= Mulbarapa =

Aboriginal clan in Australia

The Mulbarapa are one of the 22 known clans of the Yaraldi branch of the Ngarrindjeri.

==Homeland==
Mulbarapa country extends along the Lake Alexandrina shoreline from Poikangk to Pemandang Bluff. The Berndts describe it as follows:
From the Bluff, the boundary skirted a native track to Lalanganggel (Mt Misery)... The boundary extends south-east to north of Albert Hill, then north-east of Kutingwar and northwards to a point north by north-east of Minmulewar. South-east of Minmulewar, passing Trewunang Swamp (Note: trewari means shag) This stretched from Trewunang to Punguldulin, with scrubland on its western border.

The site at Pemandang was where legend held it that the dreamtime culture hero Ngurunderi, having minced Pondi(Ponde - Murray cod), stepped ashore from his bark canoe. Until relatively modern times, before they were broken, the shape of footprints on stones here were pointed out as those of Ngurunderi. Likewise, two sandhills at Lalangange marked his former campsite there.

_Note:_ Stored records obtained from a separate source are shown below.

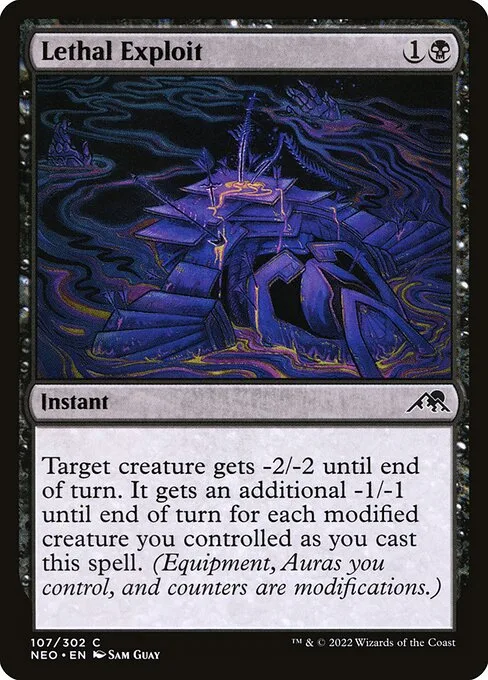 Lethal Exploit · Kamigawa: Neon Dynasty 107/531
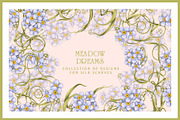 Silk Scarf Meadow dreams, a Pattern Graphic by Natalia0307 (Thumbnail 1 of 6)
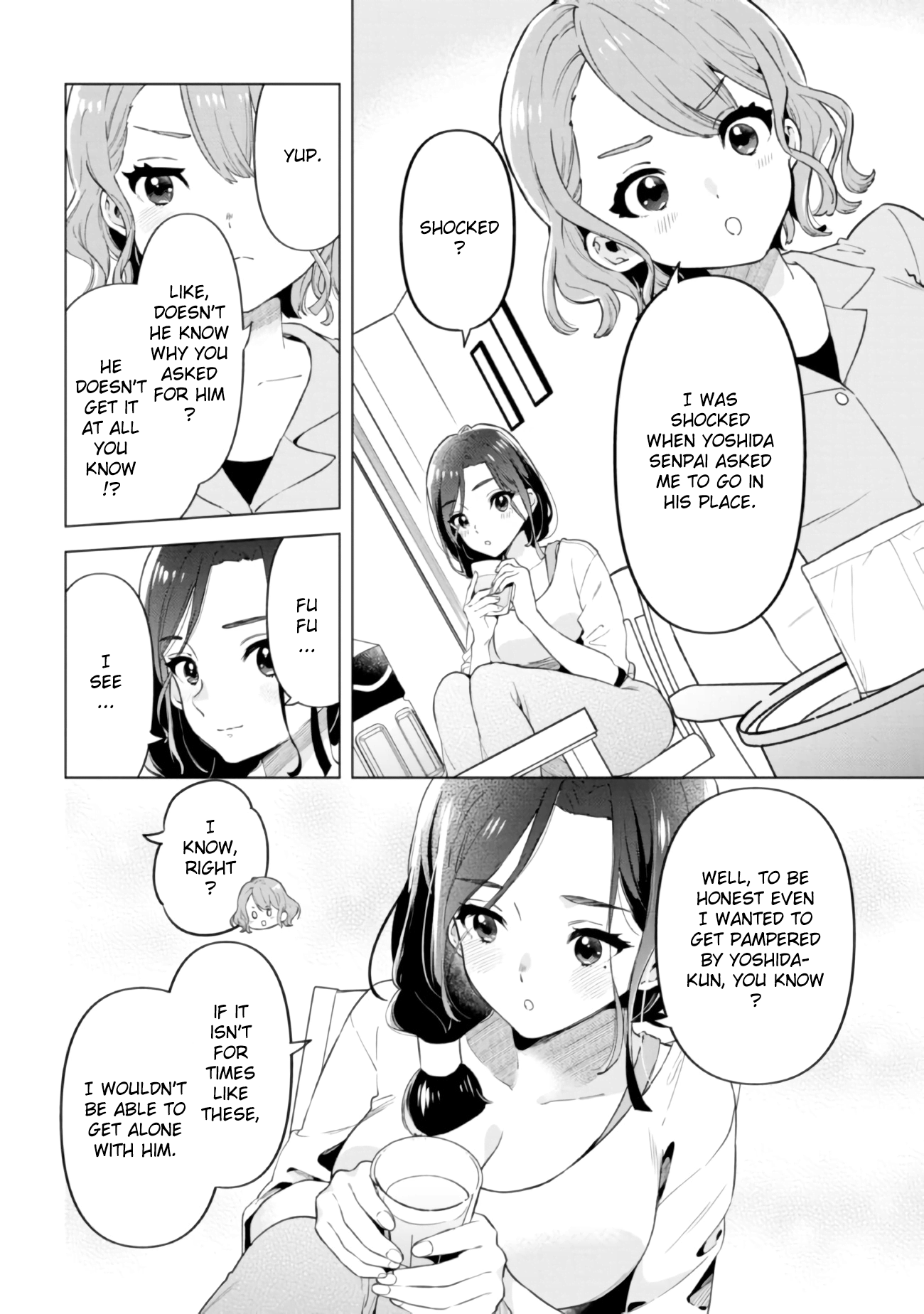 Hige Wo Soru. Soshite Joshi Kōsei Wo Hirou. Each Stories chapter 15 - page 28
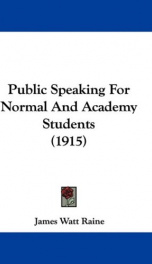 public speaking for normal and academy students_cover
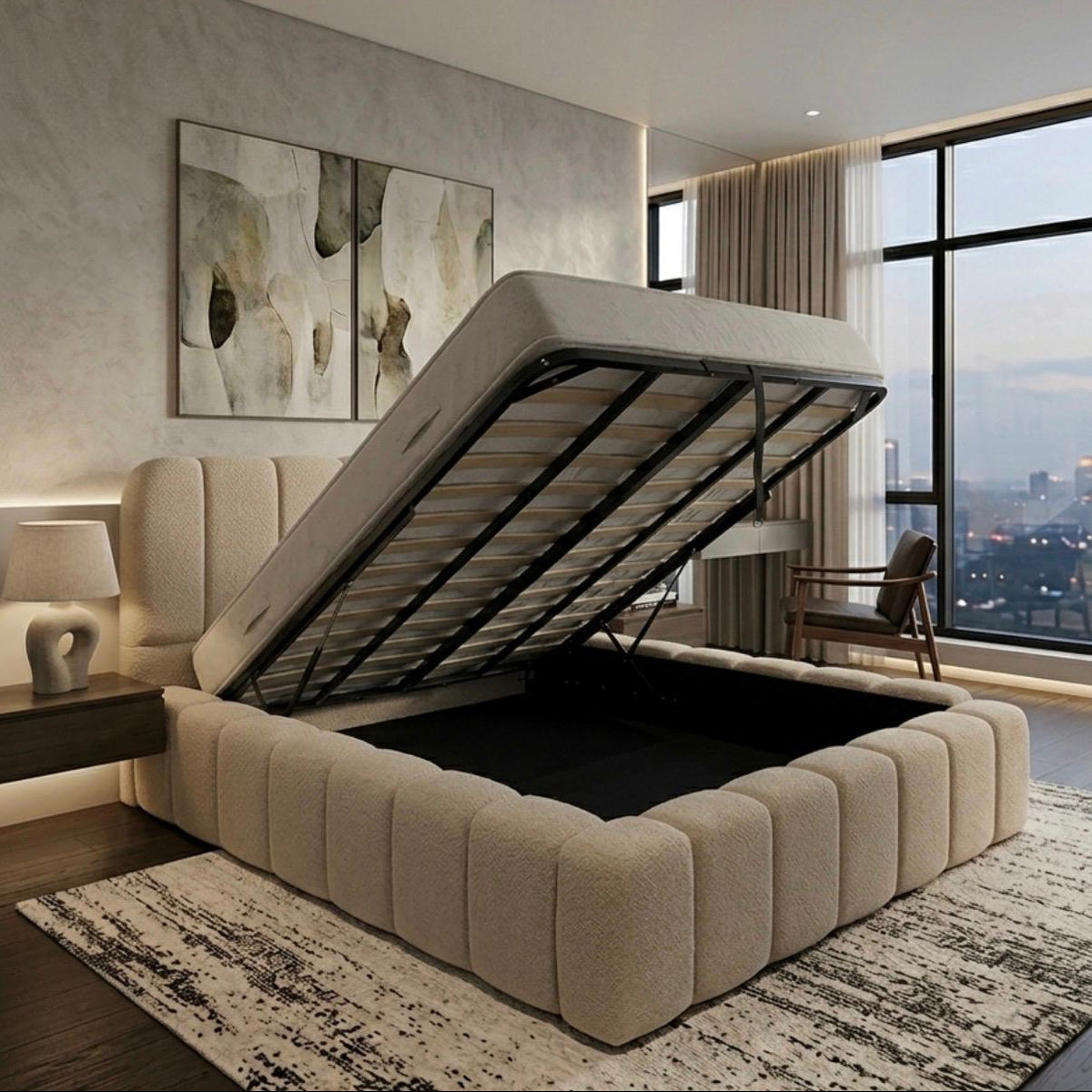 Marshmellow Frame Bed detail - Premium upholstery for ultimate comfort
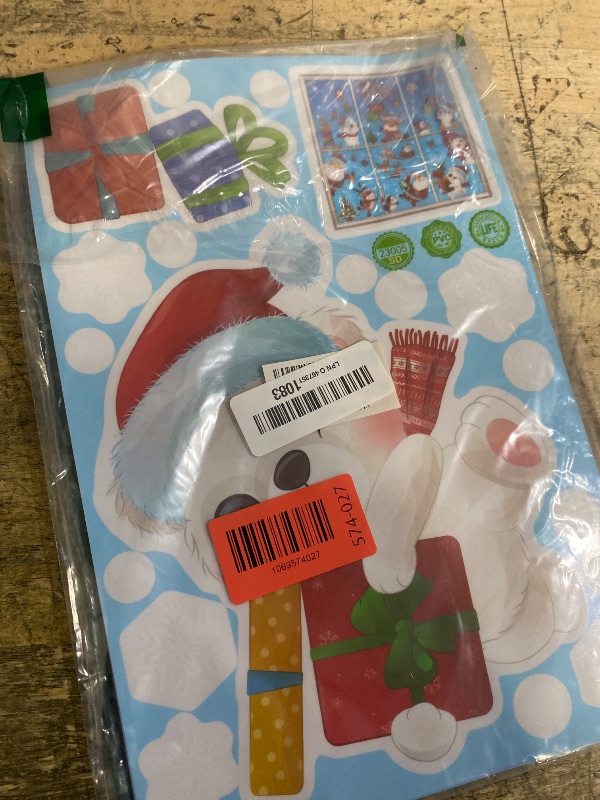 Photo 1 of 168 Pcs Christmas Window Decorations - Merry Christmas Window Clings for Glass Windows, Santa Claus Snowflake Christma Window Stickers Decals for Indoor Home Xmas Holiday Winter Party Decor, 9 Sheet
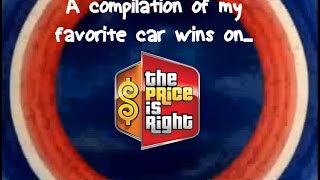 A Compilation of My Favorite Car Wins on the Price is Right [upl. by Ahseila]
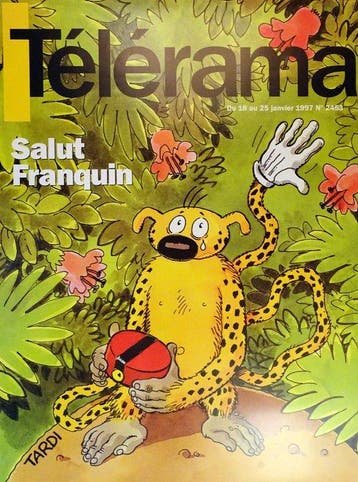 Tardi, Jacques - 1 Offset Print - Salut Franquin - 1997, Livres, BD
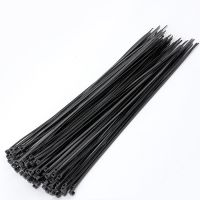 Self-locking plastic nylon cable tie 100 pieces black 3 x60/80 cable tie fastening ring industrialcable tie set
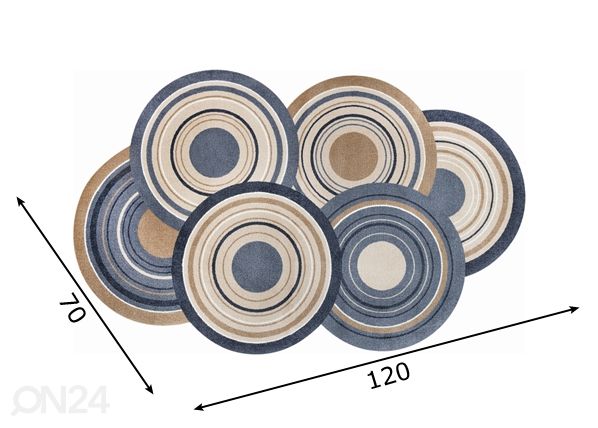Matto Cosmic Colours nature 70x120 cm mitat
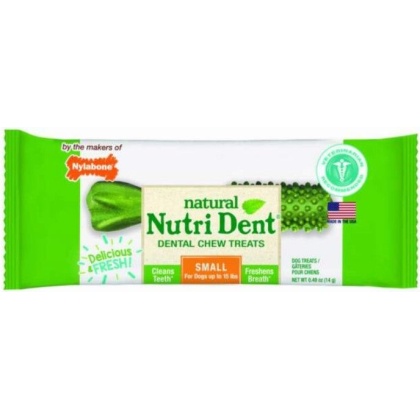 Nylabone Natural Nutri Dent Fresh Breath Limited Ingredients Small Dog Chews - 1 count
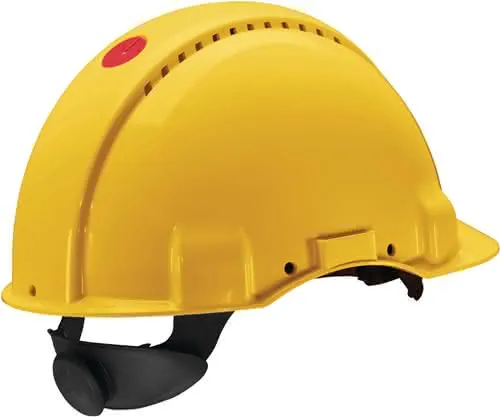 Schutzhelm G3000 gelb Acrylnitril-Butadi en-Styrol (ABS) EN 397 3M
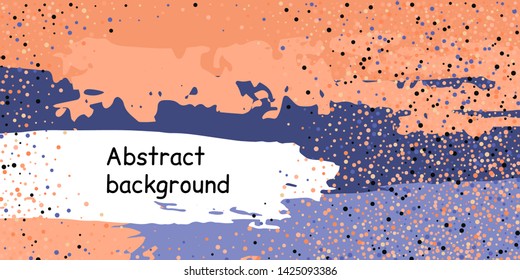 Trendy multicolored stripes with confetti dots, great design for any purpose. Fashionable holiday decoration concept. Chaotic vector illustration of multicolored stripes with confetti dots.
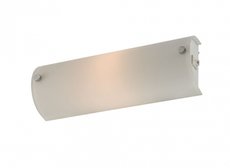 GUT Redo - lampa nástenná - biely kov/sklo+chróm - 250mm
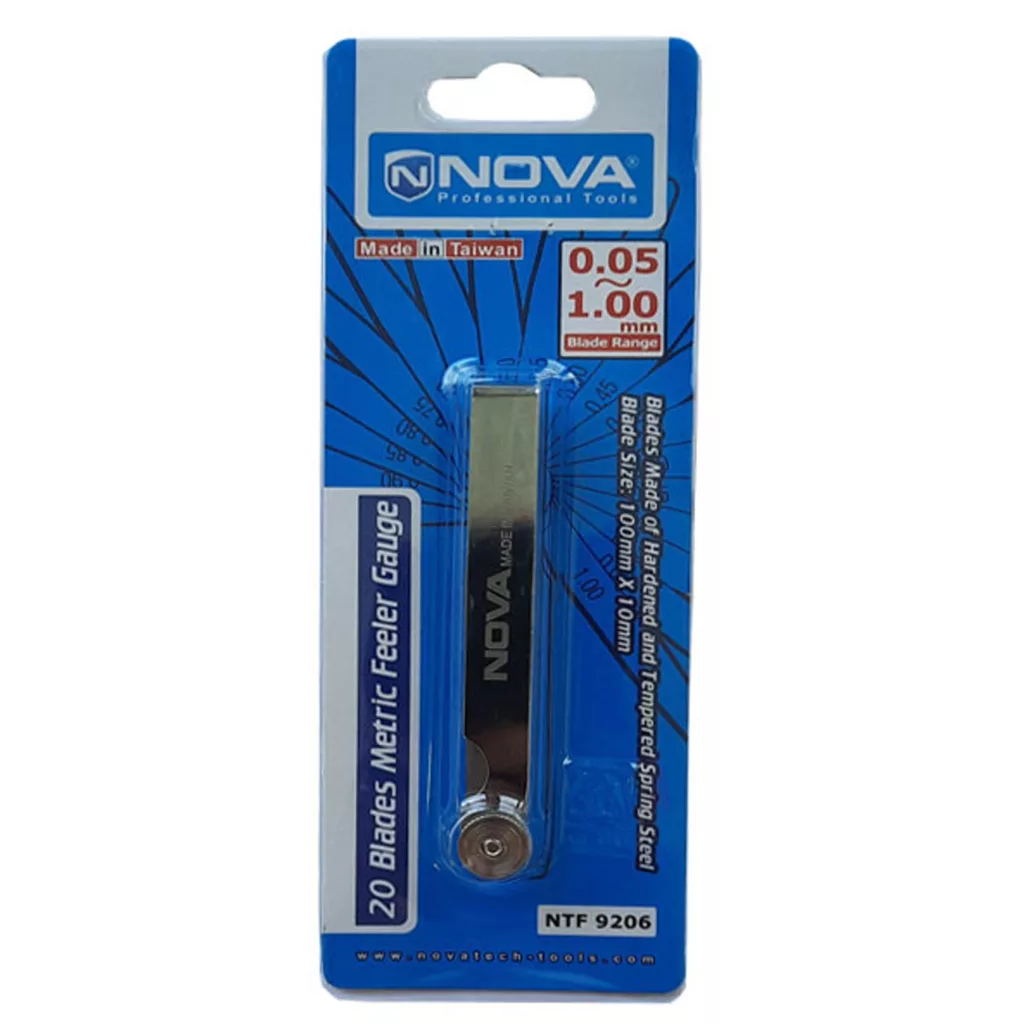 آچار فیلر نووا مدل NTF 9206 مجموعه 20 عددی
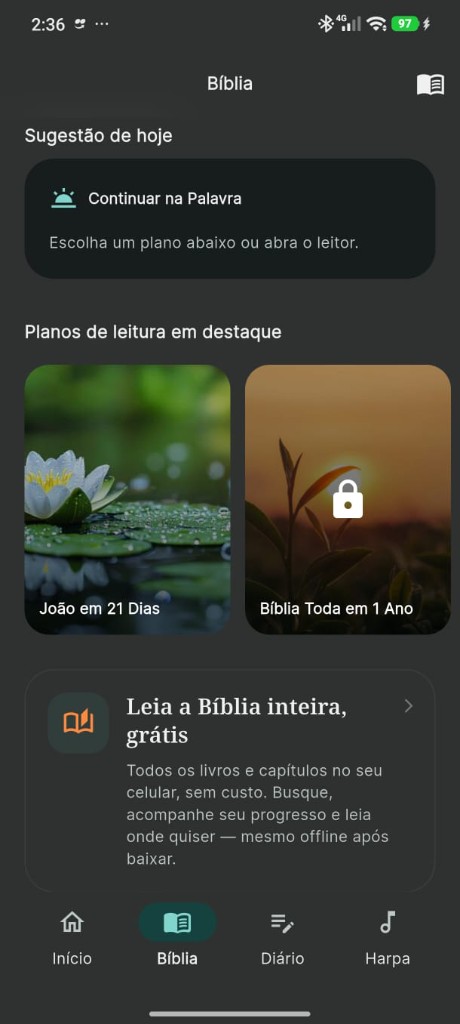 Tela do Meu Refúgio.
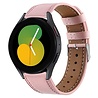 Strap-it Strap-it Bandje geschikt voor Samsung Galaxy Watch 5 (40mm / 44mm / Pro) bandje leren bandje (roze) - Incl. Oplader geschikt voor Samsung Galaxy Watch 5 40 mm / 44 mm / Pro (oplaadkabel) Strap-it Strap-it Bandje geschikt voor Samsung Galaxy Watch 5 (40mm / 44mm / Pro) bandje leren bandje (roze) - Incl. Oplader geschikt voor Samsung Galaxy Watch 5 40 mm / 44 mm / Pro (oplaadkabel)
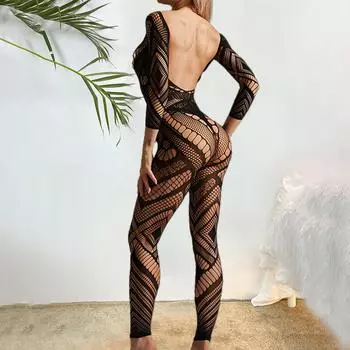 Прозрачный скелет Passion Free Take Off Эротическое модное нижнее белье Женская сексуальная униформа цельное сетчатое платье искушение average size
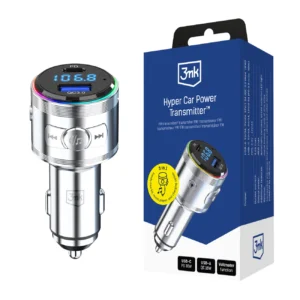 Transmitter 3in1 48W QC PD PPS USB-C USB-A 3mk Hyper Car Power Transmittereng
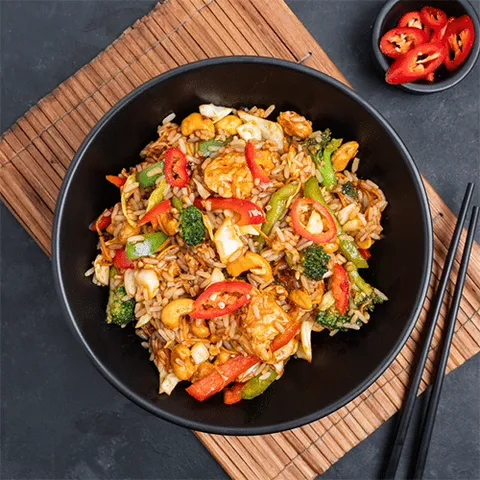 Dragon flame chicken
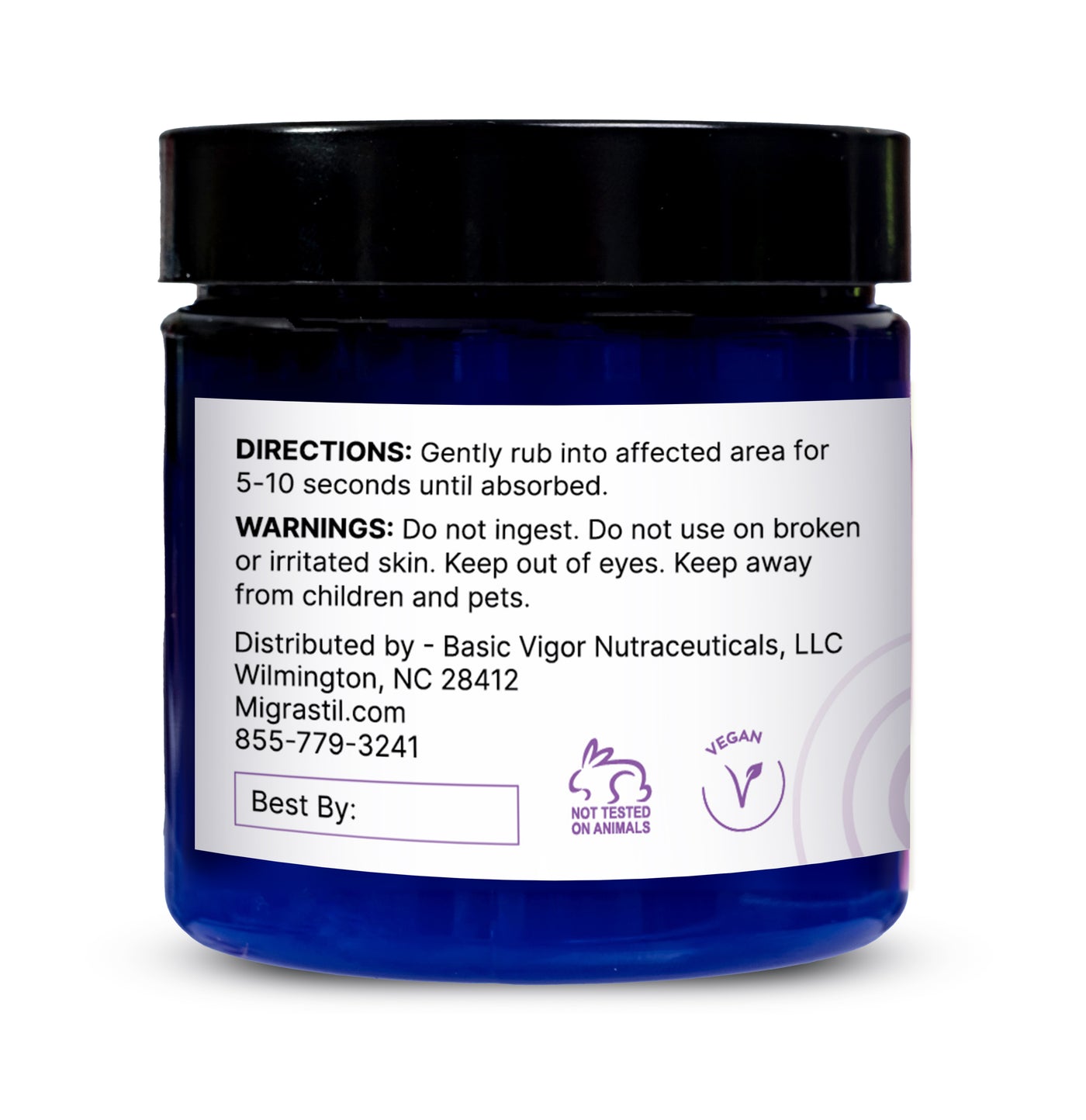 NEW! Migrastil Nighttime Lavender Magnesium Cream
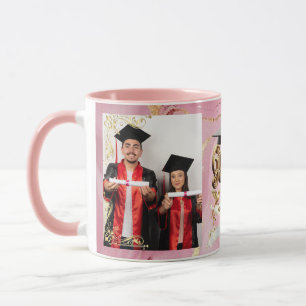 Elite Rose-Marble & Gold Personalised Graduation Mug
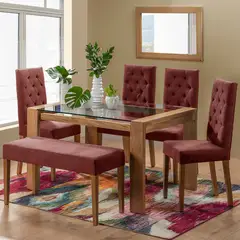 undefined - Juego Comedor 6 Puestos Miguel Angel Salmon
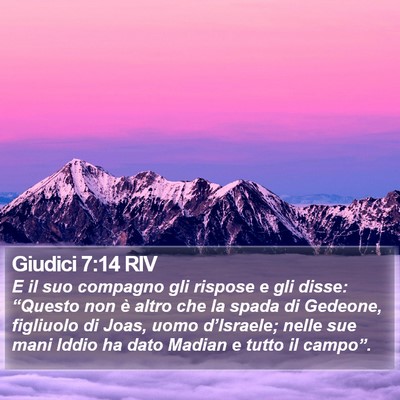 Giudici 7:14 RIV Bible Verse Image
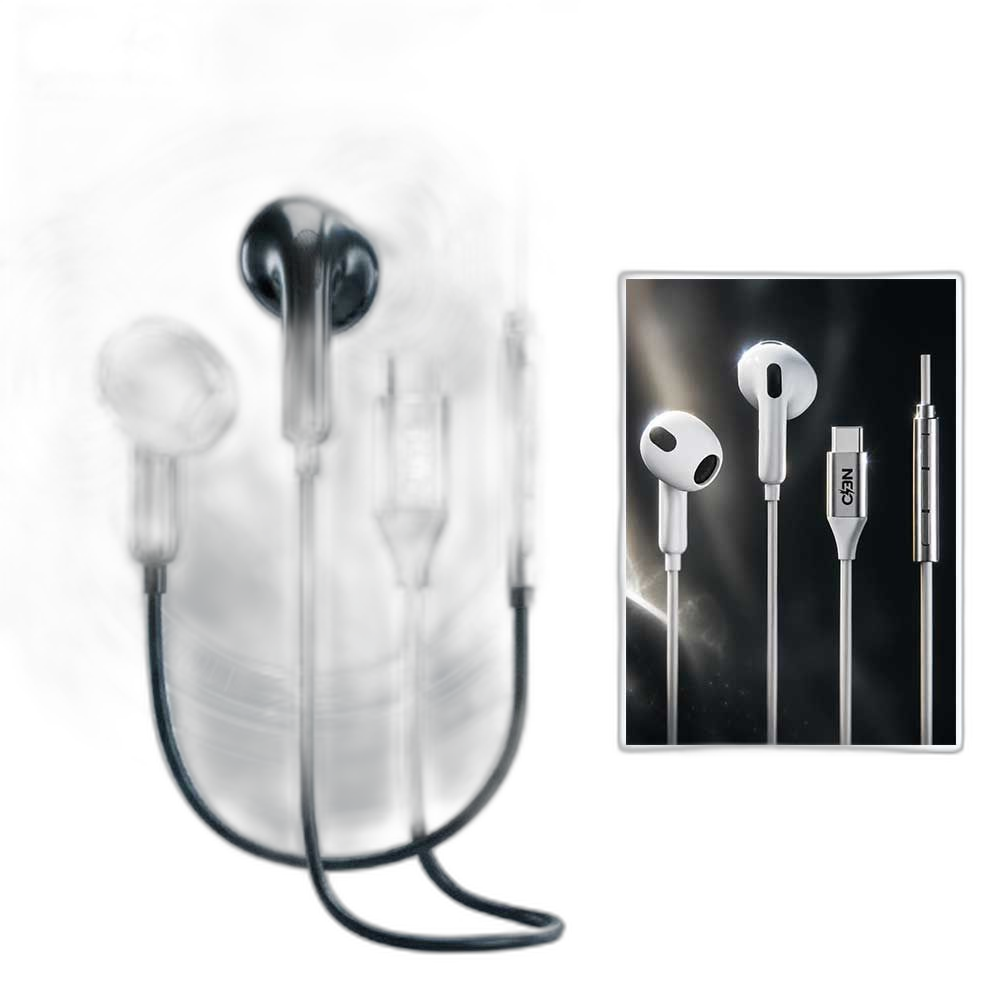 Neo 1.2m Wired Lightning Earphones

Punguldulin was the place of the kangaroo rat.

==Flora and fauna==
Mulbarapa country was well supplied with game, with great numbers of tulatji (wallaby), wangyumi (kangaroo), pindjuli (emu), wiruringguri (mallee hen) and talkundjeri (wild turkey) available to hunters venturing through the mallee scrub back of Pemandang.

The Mulbarapa (ngatji, or totems) were the noŋkulauri, the (mountain duck) and the trewari (a black-backed and white-winged shag, which was distinguished from the larger cormorant, yoldi). As their totemic animal these could not be directly hunted, but the Mulbarapa are said to have had people from other clans hunt them, and thus obtained, they could be eaten, a practice some Ramindjeri clans would not indulge in.

kandjuri and wiloki yams and the kukindji and moronggoni potatoes were dug, while karangki (currants) and ngalaii (yacca grass honey) were gathered. Poikangk Bay afforded the Mulbarapa excellent fishing.

==Traditions and ceremonies==
Mulbarapa are allied to Pinpulalindjara in that these clans call each other brother and sister, irrespective of genealogical ties. Similarity of dialect who had the right to hunt over each other's territories and the obligation to stand together against aggressors in interclan fighting. Berndt wrote that the Pinpulalindjara quite likely hived off from Mulbarapa.

In the Mulbarapi clan wild dog ceremony, men danced with plain stripes painted down their legs, but they also had pipeclay stripes on their faces and dots on their chests. This was not regarded as specifically religious, although directly associated with ngatji. Possibly they were originally pre-initiatory songs and dances.